Exodus 2:3 says that Moses is placed in a tevah (תבה). Interestingly, this Hebrew word doesn't really mean "basket." In fact, a search for this word reveals that it appears multiple times, but only in one other story in the Hebrew Bible—the story of the great flood! The Hebrew word tevah (תבה) is the word for the ark that Noah builds to survive the flood in Genesis 6–9. Furthermore, in addition to Exodus 2:3 and 5—where we find the only two references to a tevah (תבה) outside of the flood story—the connection to Noah's ark is strengthened by the description of Moses's "ark" being waterproofed with "bitumen and pitch"—just like the ark in Genesis 6:14!

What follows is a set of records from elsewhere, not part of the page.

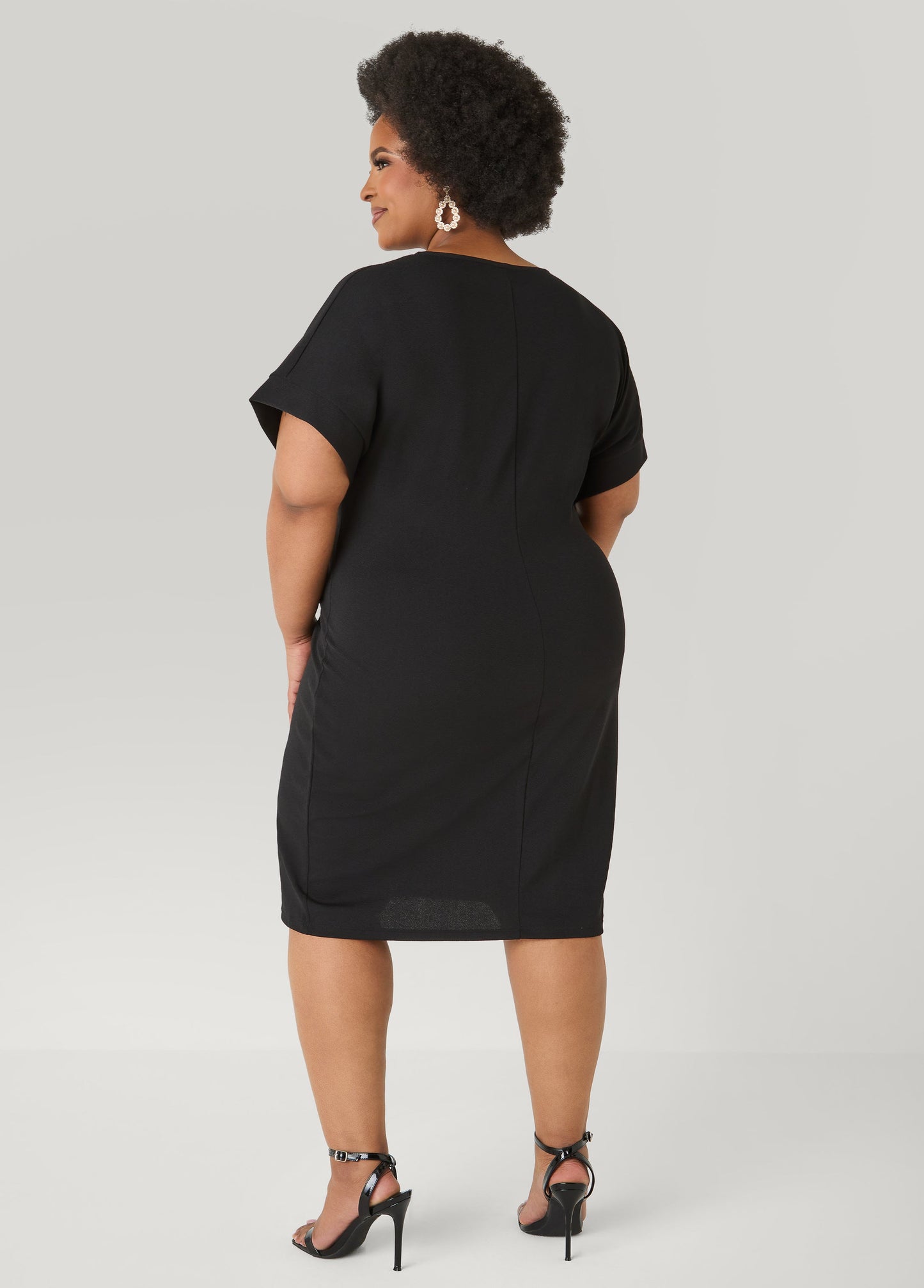 Ashley Stewart Textured Tie Front Dress Black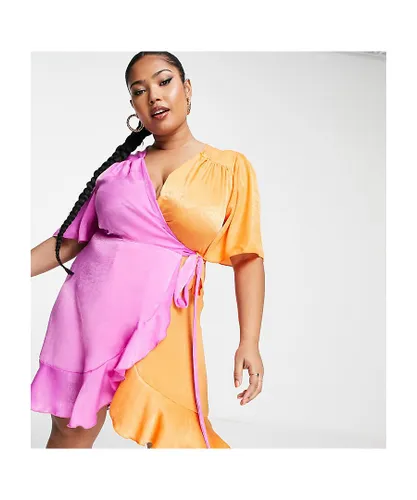 Flounce London Womens Plus flutter sleeve ruffle mini dress in contrast pink and orange-Multi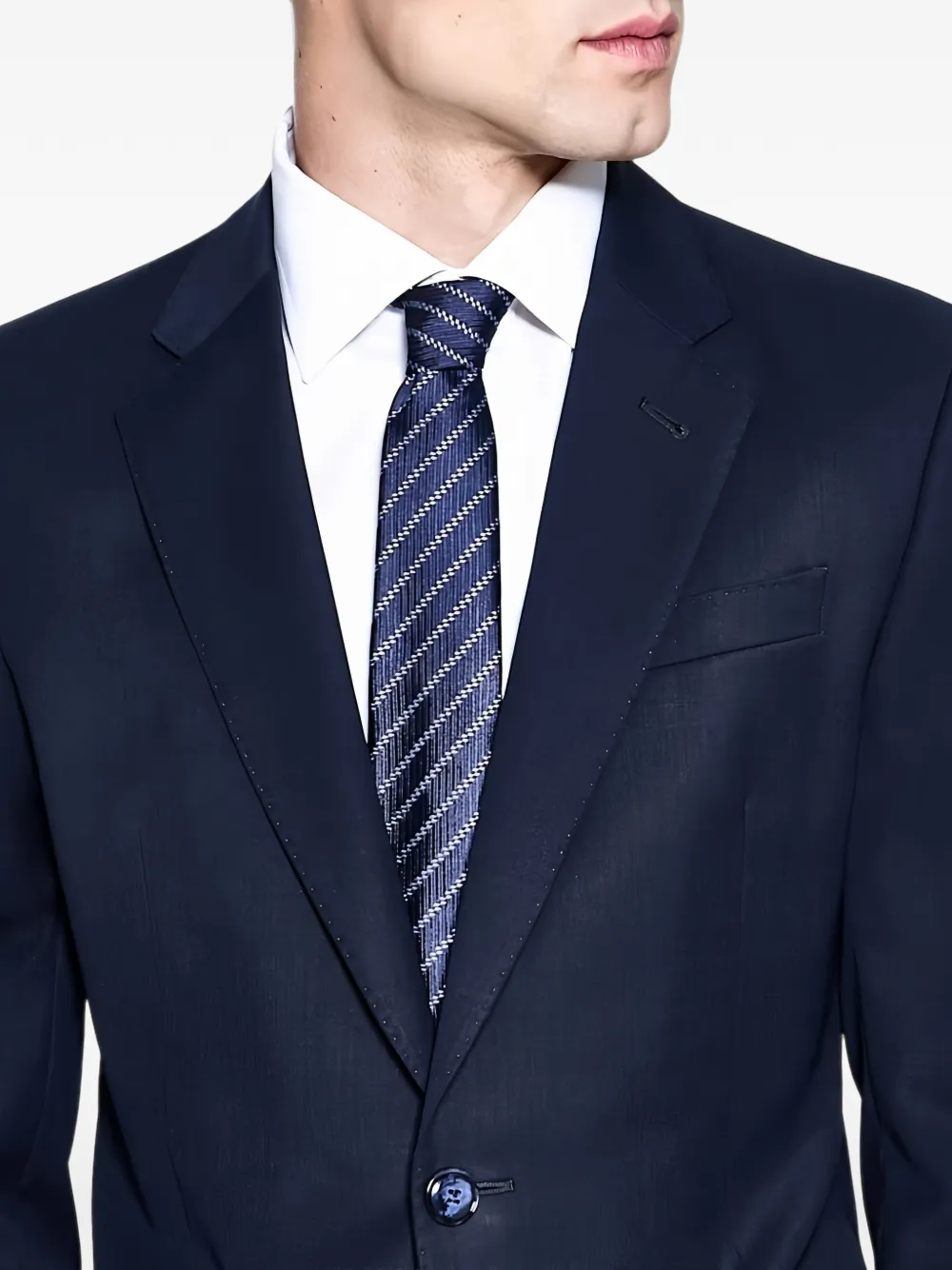 Giorgio Armani Stropdas met geborduurd logo Blauw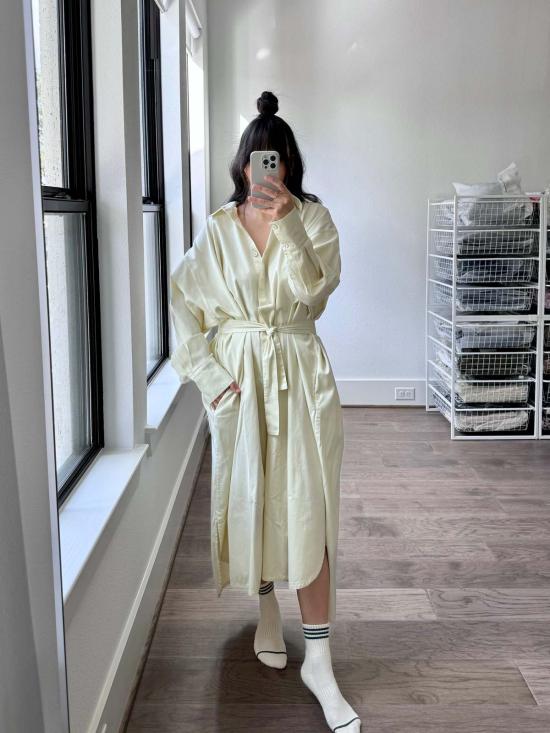  Modern Weaving 숏 원피스 모던 위빙 카프탄 셔츠 드레스 내추럴 - OTHER BRANDS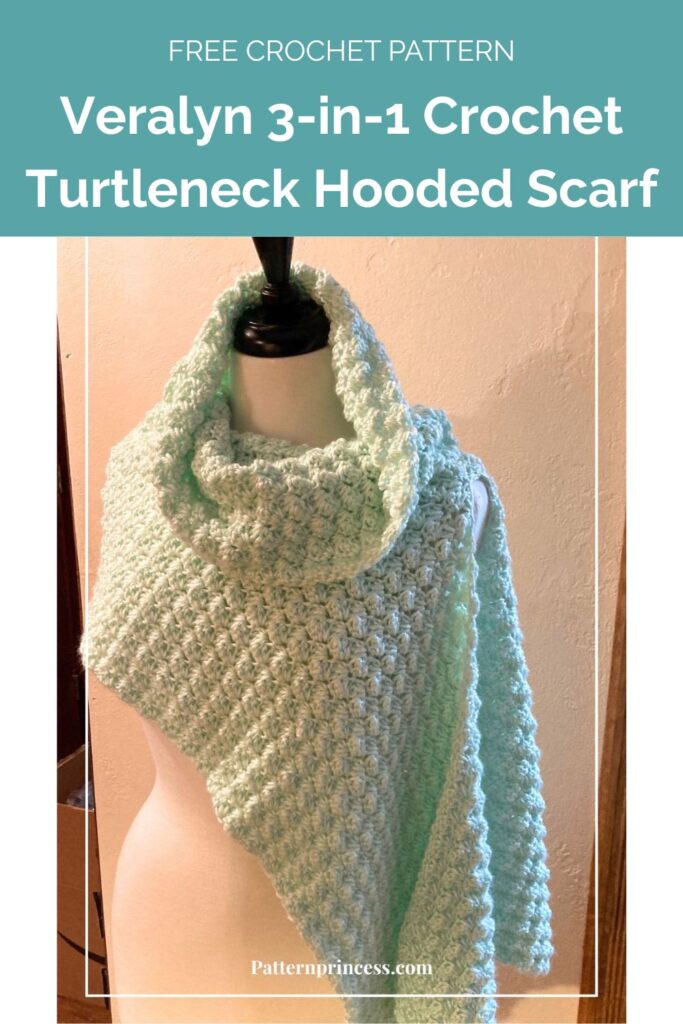 Veralyn 3-in-1 Crochet Turtleneck Hooded Scarf Pattern by Pattern Princess 1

"When she could hide him no longer she got a papyrus basket (תבה, tevah) for him, and plastered it with bitumen and pitch;" — Exodus 2:3
"Make yourself an ark (תבה, tevah) of cypress wood; make rooms in the ark (תבה, tevah), and cover it inside and out with pitch." — Genesis 6:14
While they are nowhere near the same size or materials, the details of the two stories are designed to echo one another. Both involve biblical heroes facing certain doom, only to be saved by special boxes covered in pitch that float on bodies of water, relying only on faith in the deity to protect them. A baby lies helpless in an ark seemingly at the whims of the Nile, while Noah is shut inside an ark floating amidst a chaotic flood. They are both helpless and completely dependent upon God to protect and deliver them.
Making this verbal connection at the beginning of the Exodus narrative also provides a narrative guide with which to interpret the Exodus story. Just like the earlier flood story, the Exodus account will begin with the chaos of divinely-sanctioned destruction and death, but God will protect his chosen and bring them through the depths of the abyss to begin his creation anew with his chosen people.